Kangur podrapał się w nos.
— Ktoś musi.
— I co niby powinienem robić?
— Wkręcić całość do reszty świata.
— Jest jakiś klucz?
— Może być. Zależy.
Rincewind znowu spojrzał na rysunki naskalne, których nie było tu jeszcze parę tygodni temu, a potem nagle zawsze tu były.
Postacie trzymające kije. Postacie w długich szatach. Artysta całkiem dobrze sobie poradził z oddaniem czegoś całkiem obcego. A gdyby pozostały jeszcze jakiekolwiek wątpliwości, wystarczyło popatrzeć, co mają na głowach.
— Tak — zgodził się kangur. — Nazywamy ich „spiczaste głowy”.

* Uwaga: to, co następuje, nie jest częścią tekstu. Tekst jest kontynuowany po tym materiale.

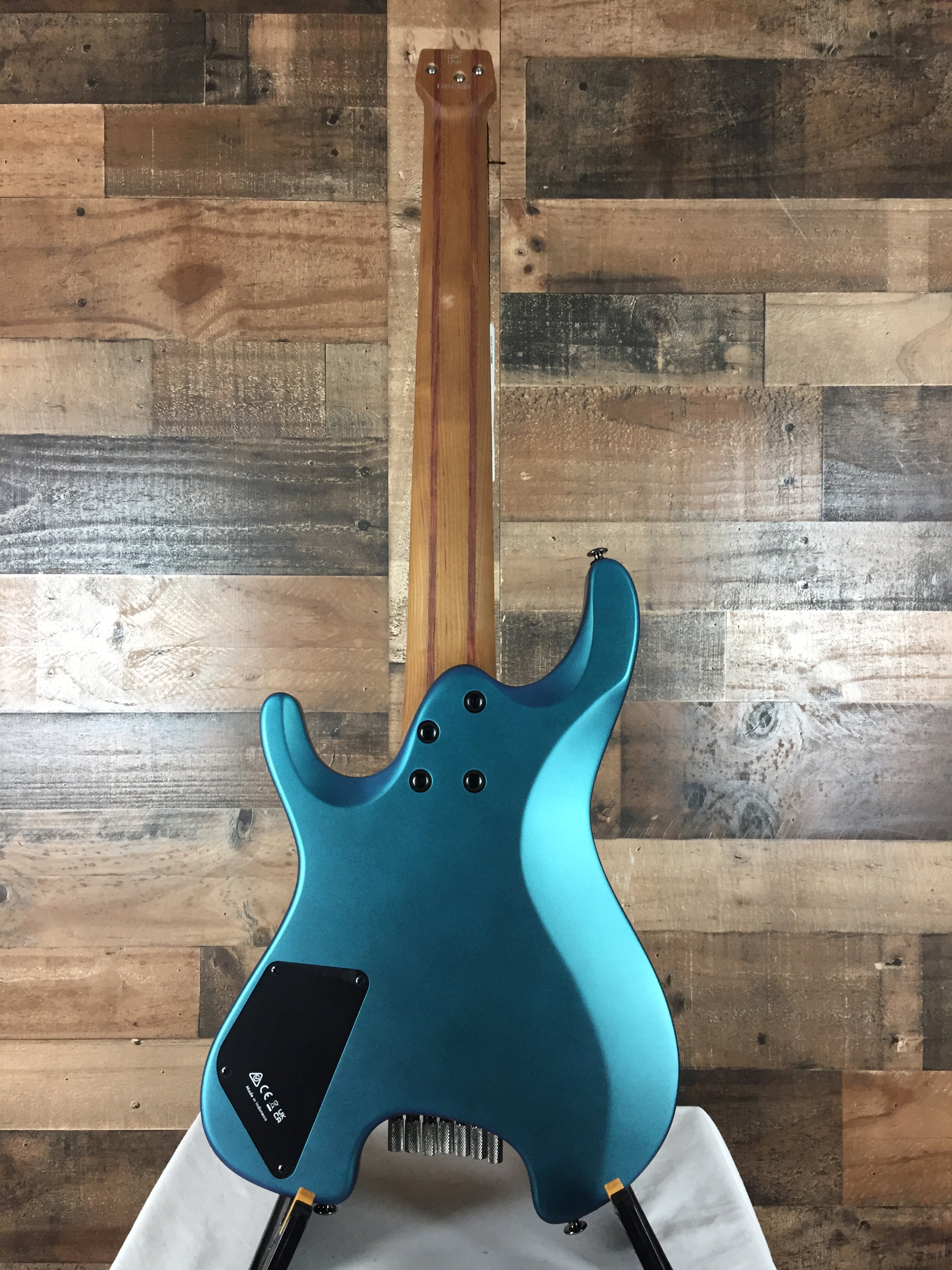 Q547 7-String, Electric Guitar Blue Chameleon Metallic Matte, Gig Bag, 083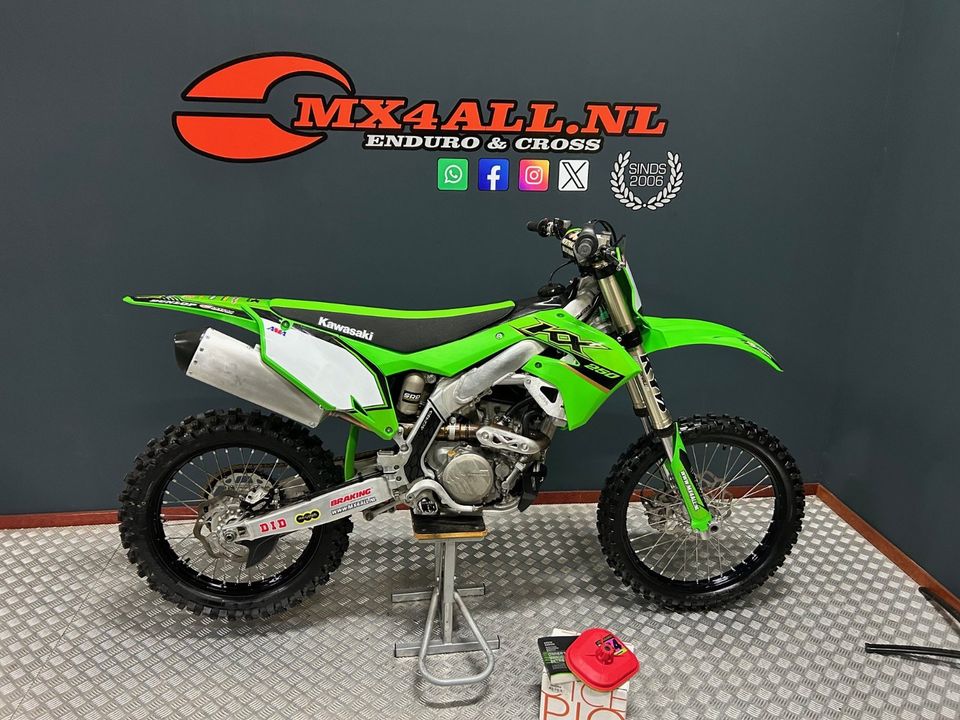 Kawasaki KXF 250 2022 1e hand Top zustand ! KX-F / KX 450 in Emmerich am Rhein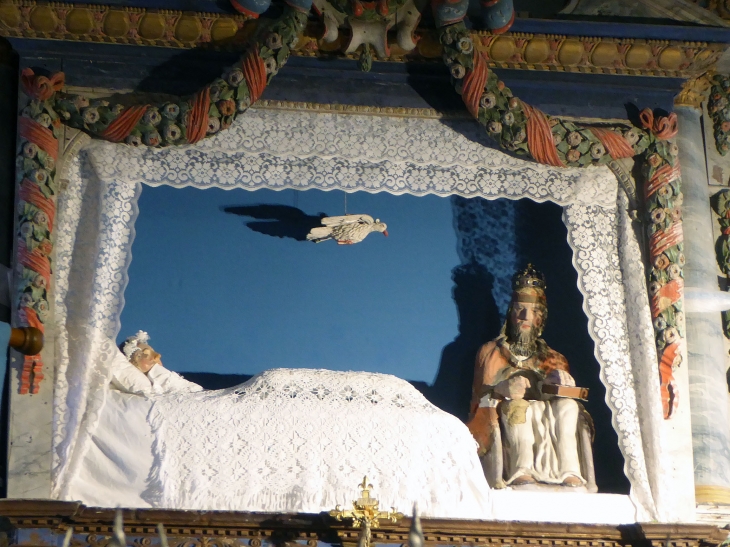 Le Yaudet : la vierge endormie dans la chapelle Notre Dame  - Ploulec'h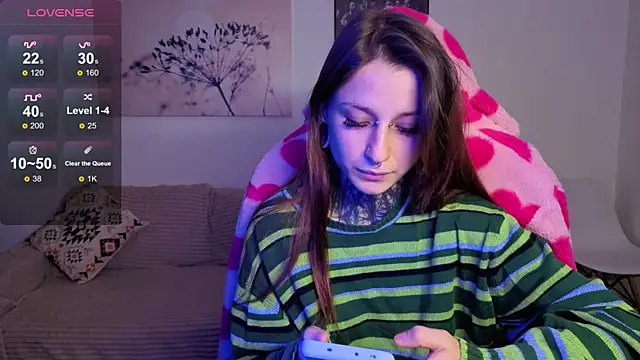Snapshot of LilithPoison chatting on October 5, 6:24 pm LilithPoison online show from October 5, 6:24 pm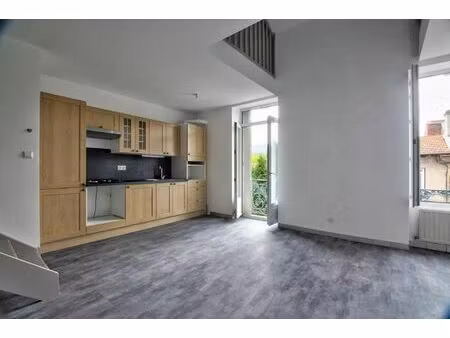 location duplex 3 pièces 59 m2 à le chambon-feugerolles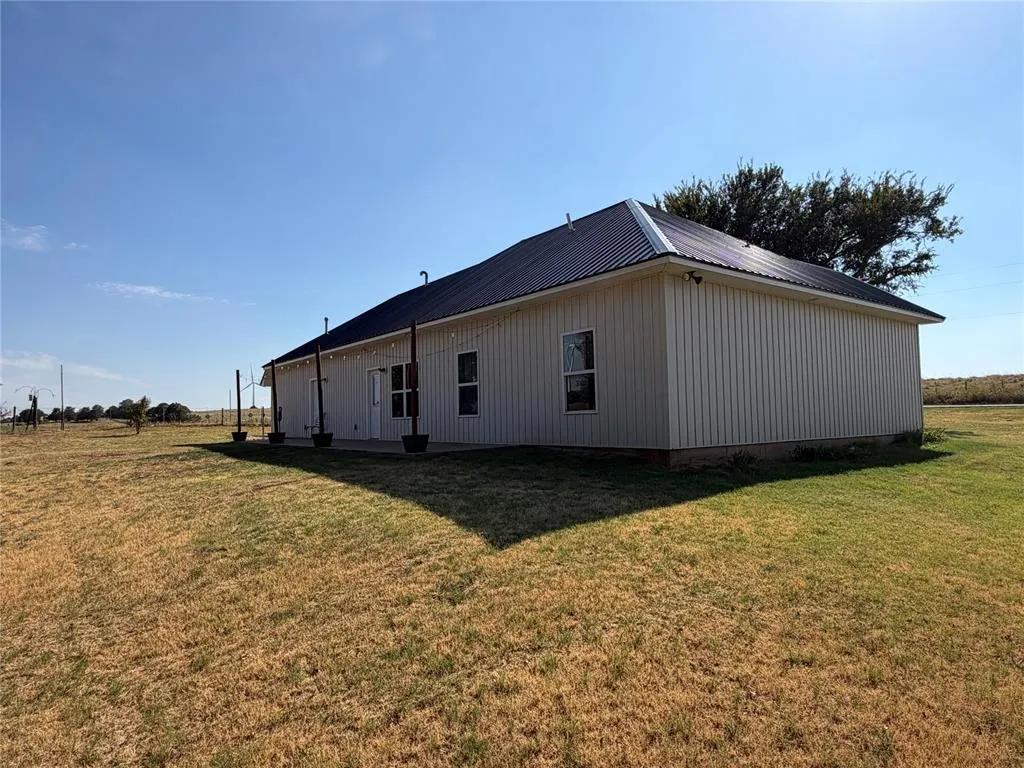 Photo 41 — 16025 County Street 2730, Minco, OK 73059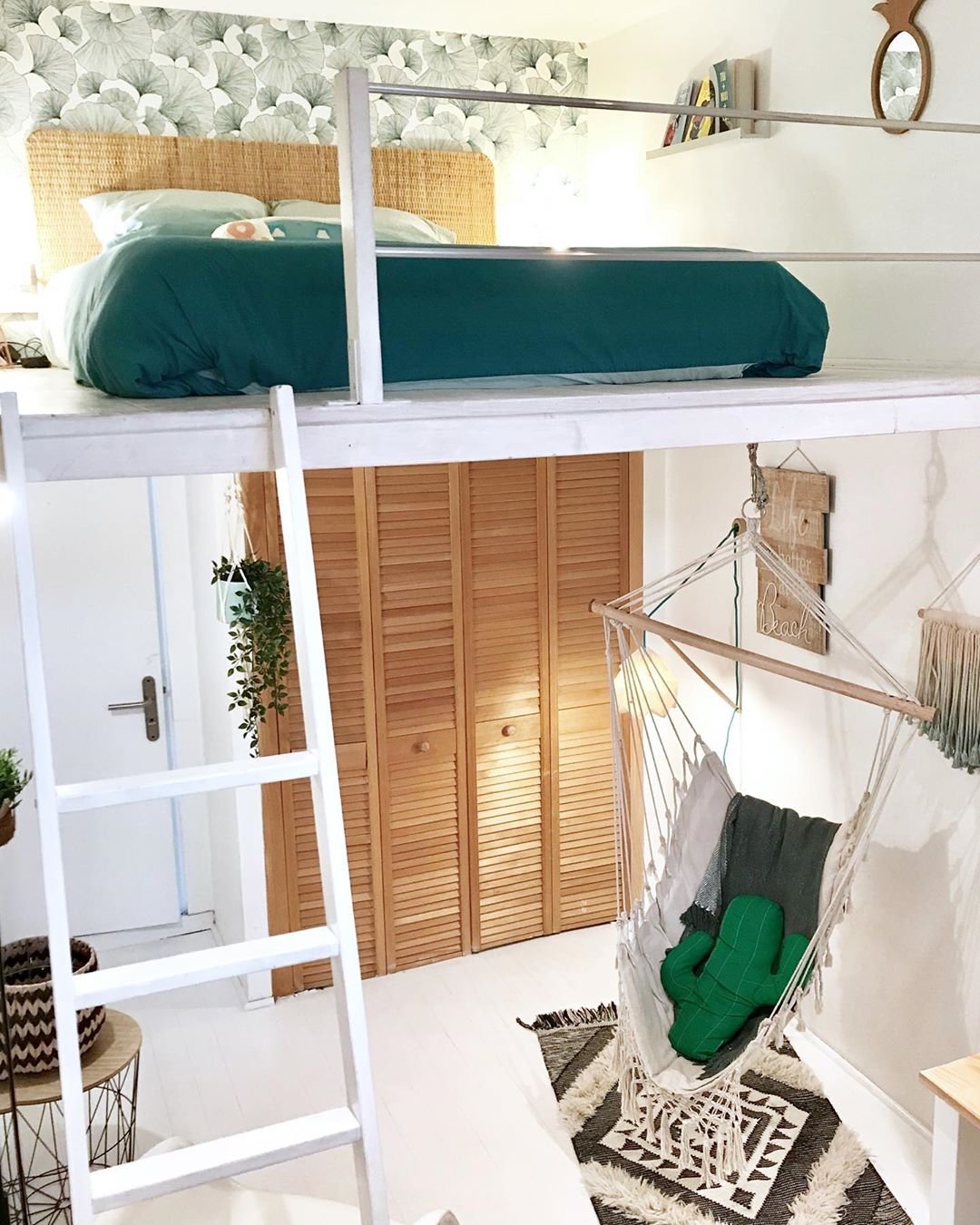 déco tropicale chambre dado mezzanine hamac frange tendance bohème chic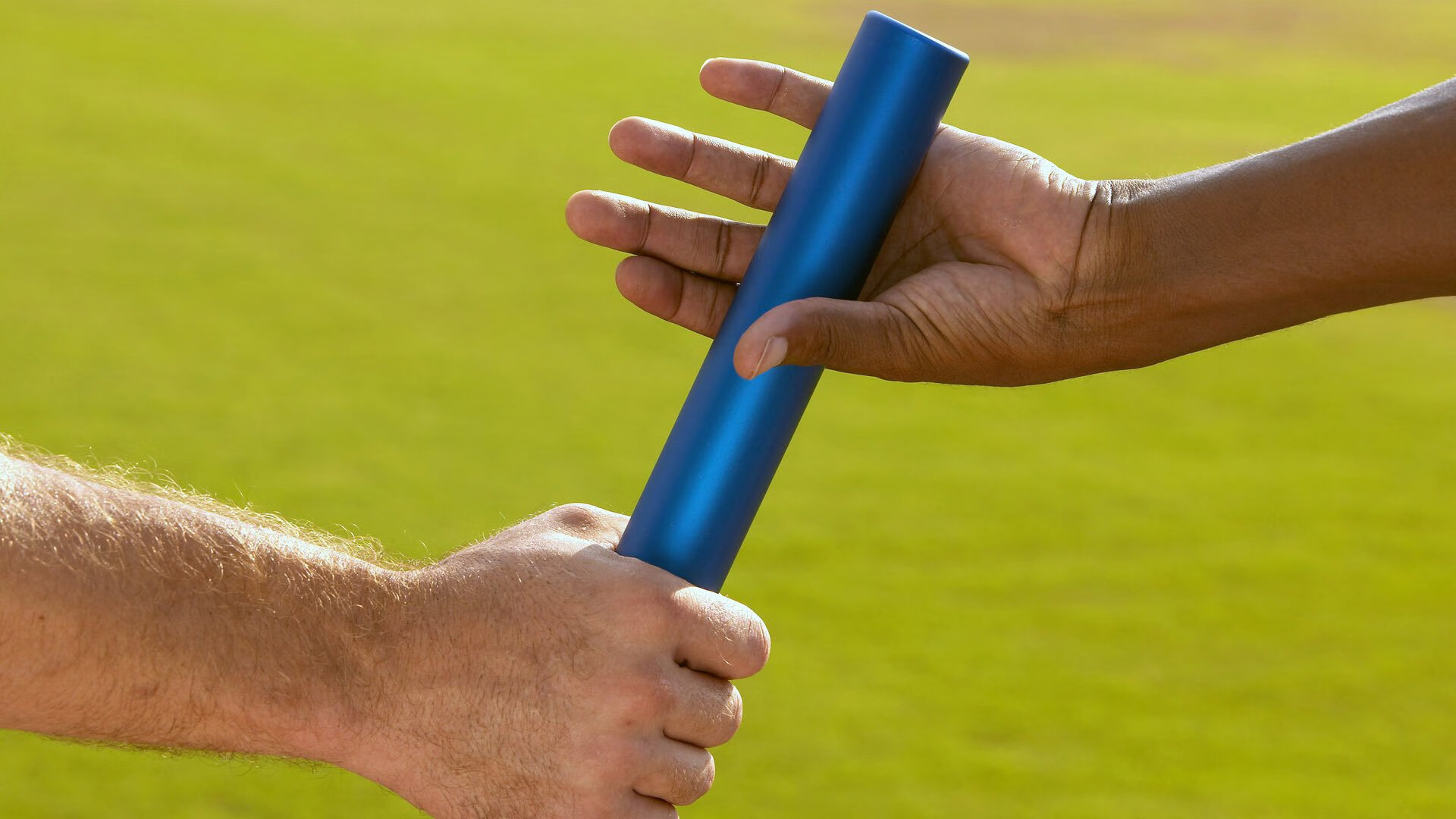 爱游戏综合娱乐-波尔曼的传球与突破将袋鼠队的进攻提升到新高度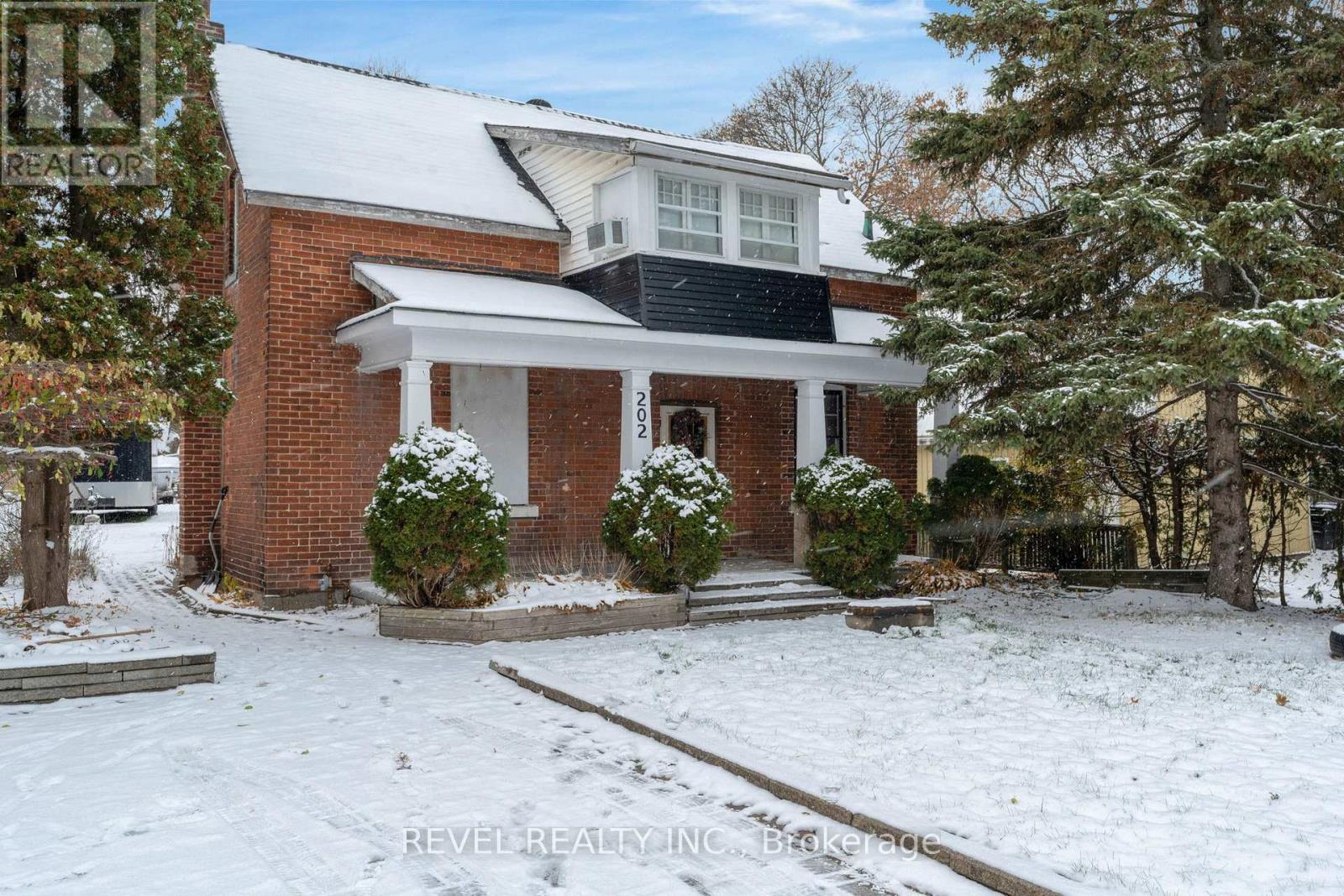 202 Bradford Street, Barrie, Ontario  L4N 3B6 - Photo 38 - S12553876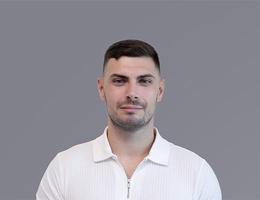 Agent Oliver Mollett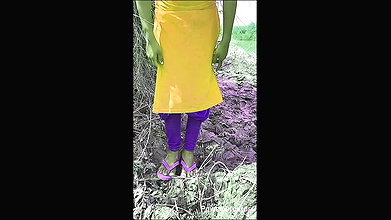 India Desi Village Girl Outdoor Pussy Fingering MMS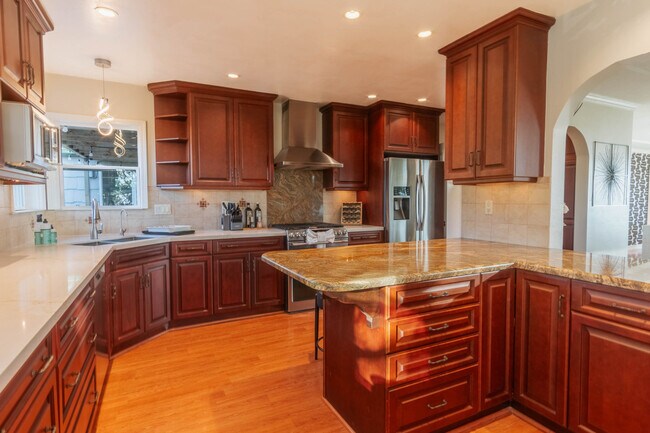 Building Photo - 5008 Onstad St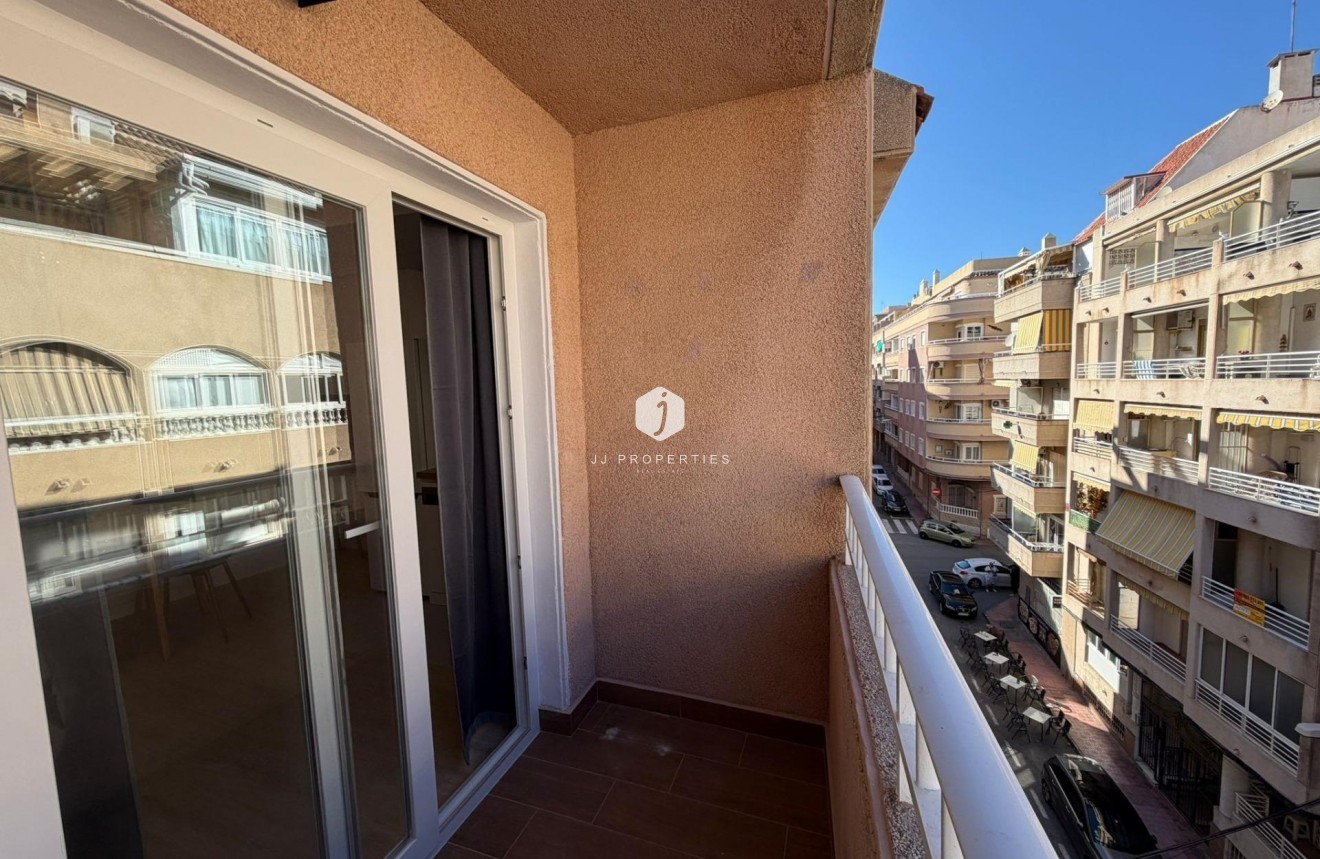 Resale - Apartment / flat -
Torrevieja - Playa del Cura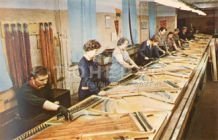 До революции тяжелую операцию забивки металлических колков в раму инструмента выполняли только мужчины, в советское время – в основном женщины. 1975 год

— Zaczął łapać ryby — oznajmił pierwszy prymus. — To znaczy, że lada chwila zjawi się tu z zarozumiałą miną i zapyta, jakie mamy plany co do budowy łodzi. Sami wiecie, jaki on jest. Dziekan spojrzał na szkice, które wykreślił na kamieniu. — Jak trudna może być budowa łodzi? Ludzie z kośćmi w nosach budowali łodzie. A my jesteśmy końcowym produktem tysięcy lat oświecenia. Zbudowanie łodzi na pewno nie przekracza możliwości kogoś takiego jak my, pierwszy prymusie.
— Oczywiście, dziekanie.
— Trzeba tylko przeszukać wyspę, aż znajdziemy książkę z tytułem w rodzaju „Praktyczne budownictwo łodzi dla początkujących”.
— Otóż to. Od tego momentu od razu złapiemy wiatr w żagle, dziekanie. Ahaha.
Uniósł wzrok i nerwowo przełknął ślinę. Pani Whitlow siedziała w cieniu na zwalonym pniu i wachlowała się wielkim liściem.
Ta scenka poruszyła w pierwszym prymusie to i owo, a drobne szczegóły — na przykład to coś, co trzeszczało cicho, kiedy pani Whitlow się poruszała — napinały w nim pewne fragmenty.
— Dobrze się czujesz, pierwszy prymusie? Wyglądasz, jakby upał zaczął ci doskwierać.
— Jest trochę… ciepło, dziekanie.
Pierwszy prymus rozluźnił kołnierzyk. Dziekan spojrzał poza niego.
— No, długo im to nie zajęło — zauważył.
Pozostali magowie zbliżali się plażą. Jedną z zalet długiej szaty jest to, że można nieść w niej coś jak w fartuchu, a kierownik studiów nieokreślonych wybrzuszał się od przodu nawet bardziej niż zwykle.
— Znaleźliście coś do jedzenia? — zapytał pierwszy prymus.
— Eee… Tak.
— Pewno owoce i orzechy — zrzędził dziekan.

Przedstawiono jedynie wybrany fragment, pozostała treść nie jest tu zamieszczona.